■ **Exercise brief**: Beginning with the line that includes "Urbanti Stainless Steel Laurel TBar Necklace" and ending with the last line of the entries below, set down each line exactly; include no pictures.

■ **Input material**:
══════════════════════════════
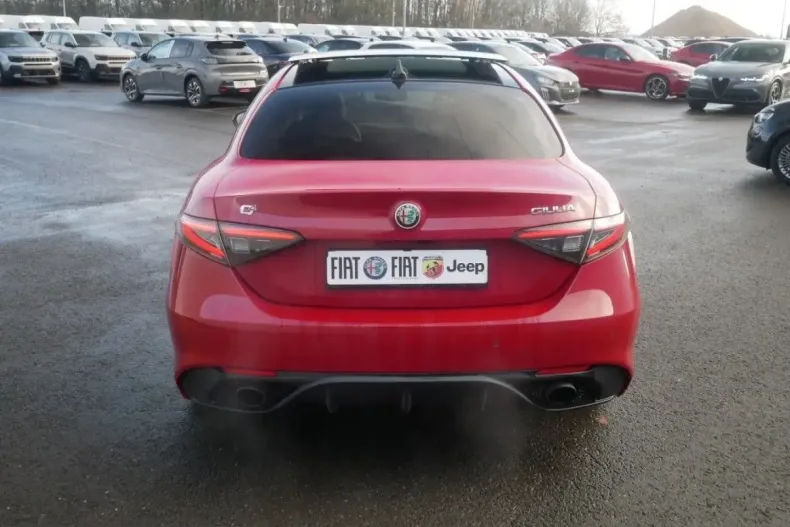 Alfa Romeo Giulia din 2023 cu 21.641 km - oferta ALF205726 - foto 5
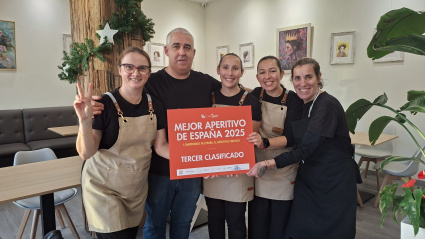 Manuel Rey con su equipo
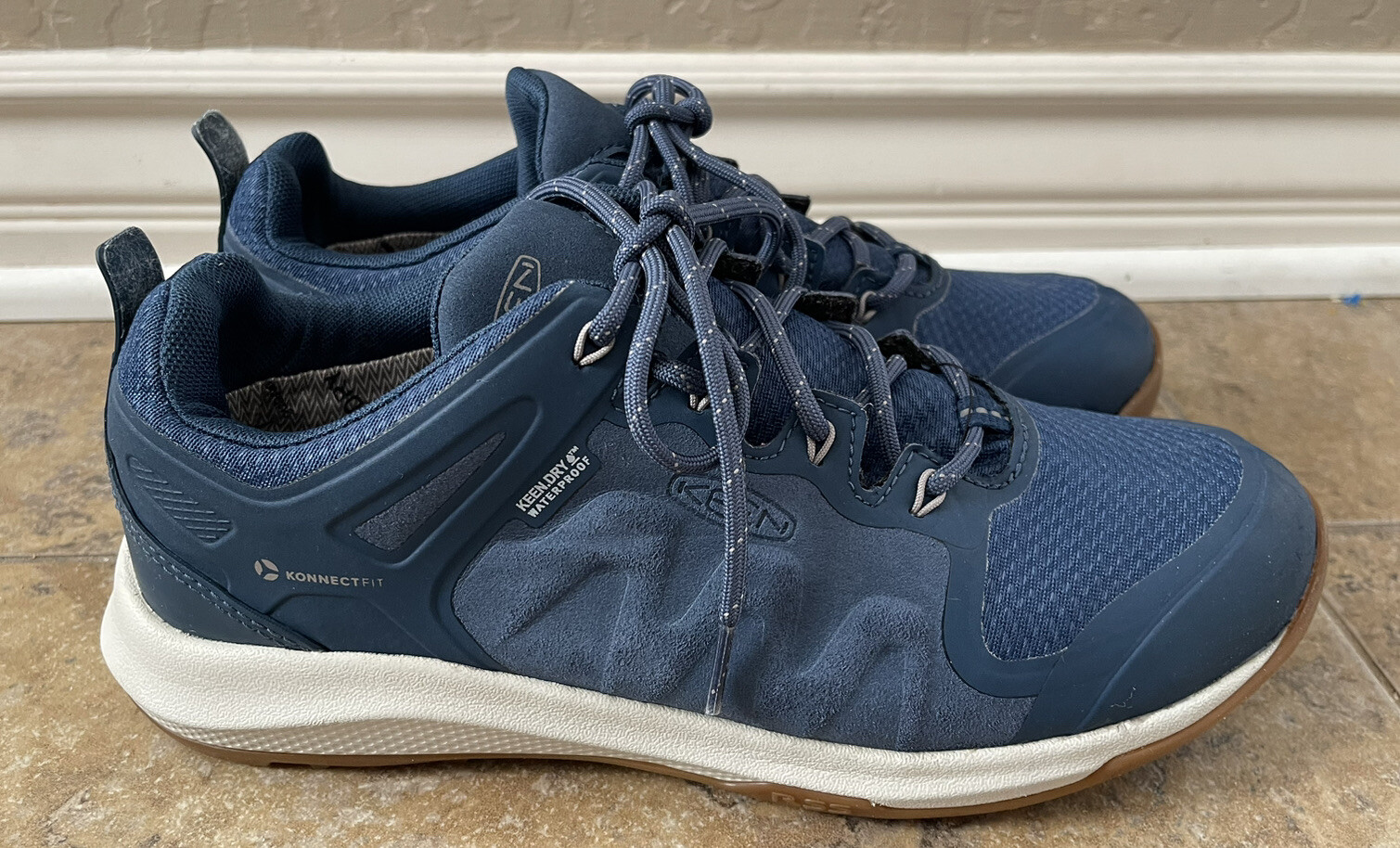 Scarpe da trekking Keen Explore donna taglia 8 5 blu impermeabili manca entrambe le solette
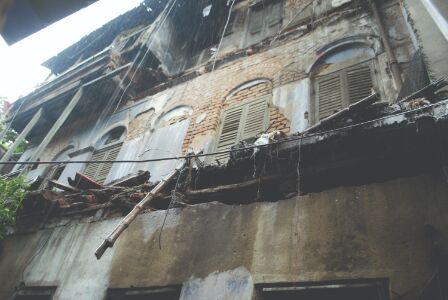 North Kolkata: One hurt after portion of old building collapses North Kolkata: One hurt after portion of old building collapses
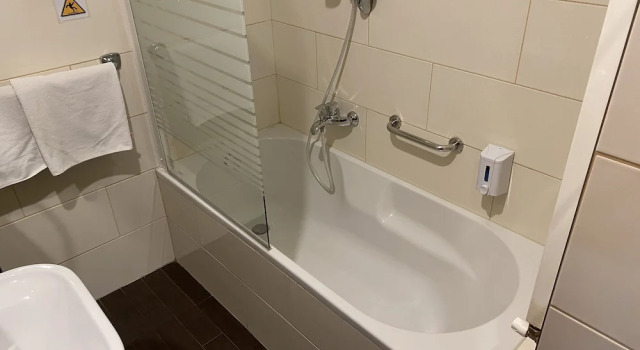 Семейные апартаменты с 2 комнатами с балконом и с видом на сад Gold Apartments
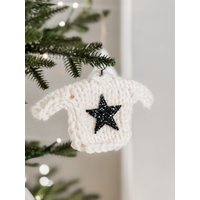 Mini-strickpullover Mit Ornament Und Pailletten-sternchen | Sweater Ornamente von LiLiKnits
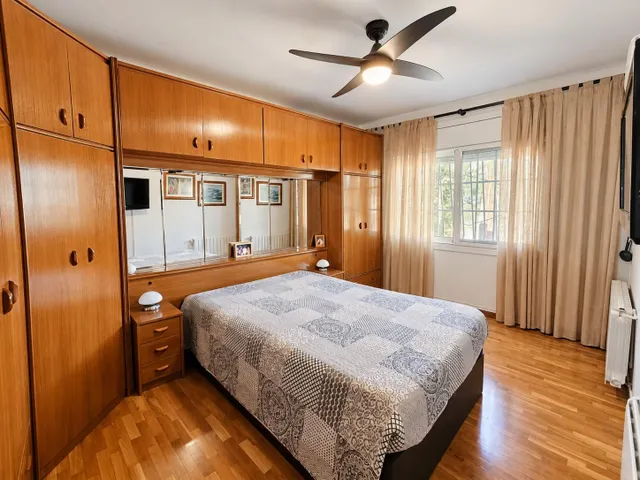 Casa con piscina privada, jardín y porche en Can Sors — 28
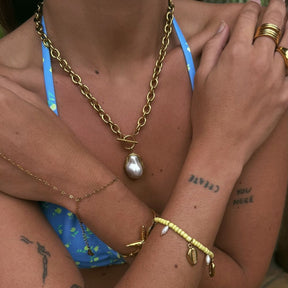 Urbanti Stainless Steel Laurel TBar Necklace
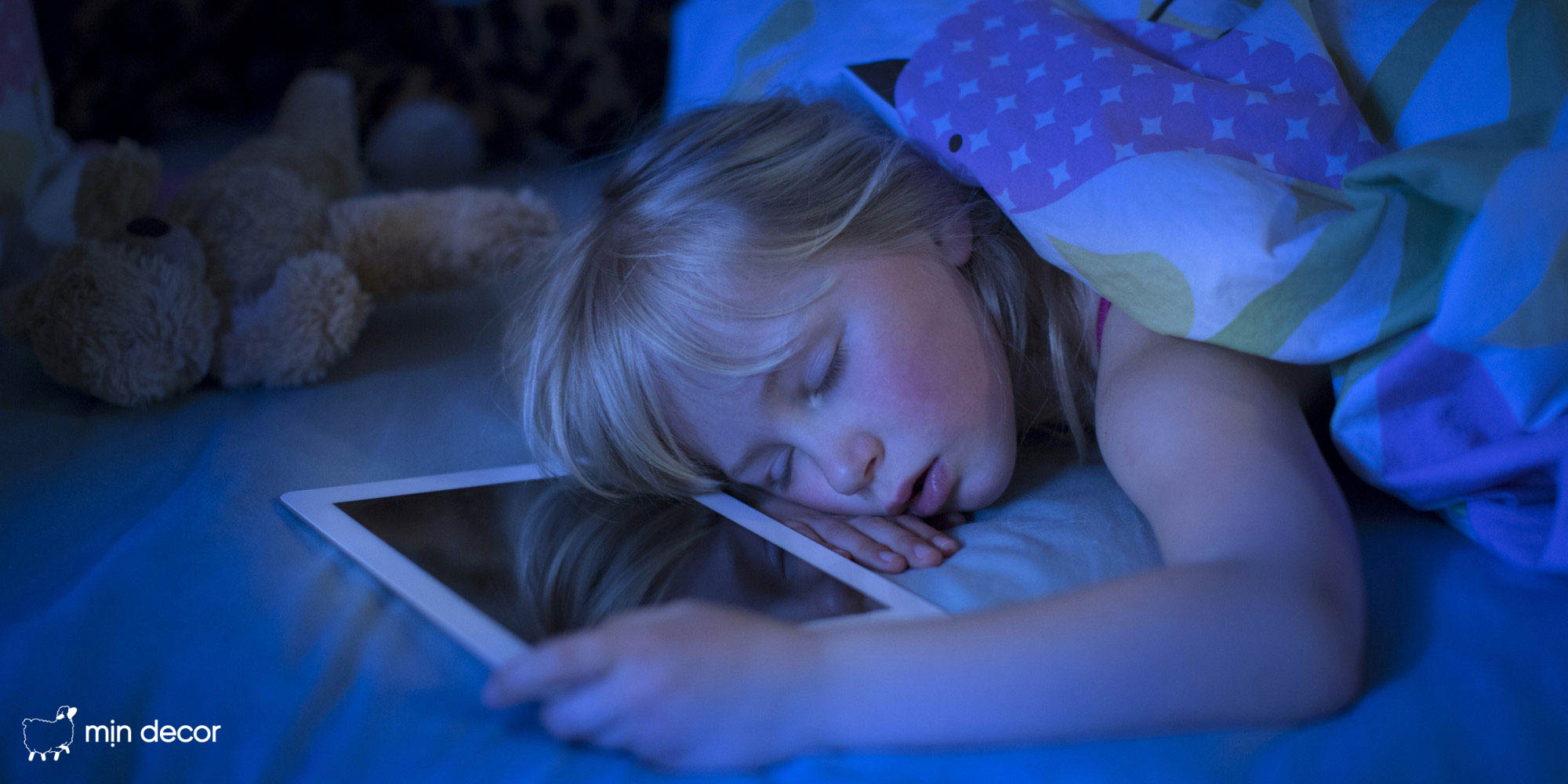 Sử dụng thiết bị điện tử trước khi đi ngủ ảnh hưởng tới chất lượng giấc ngủ của trẻ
══════════════════════════════
■ **Solved problem**:
 Urbanti Stainless Steel Laurel TBar Necklace
 Sử dụng thiết bị điện tử trước khi đi ngủ ảnh hưởng tới chất lượng giấc ngủ của trẻ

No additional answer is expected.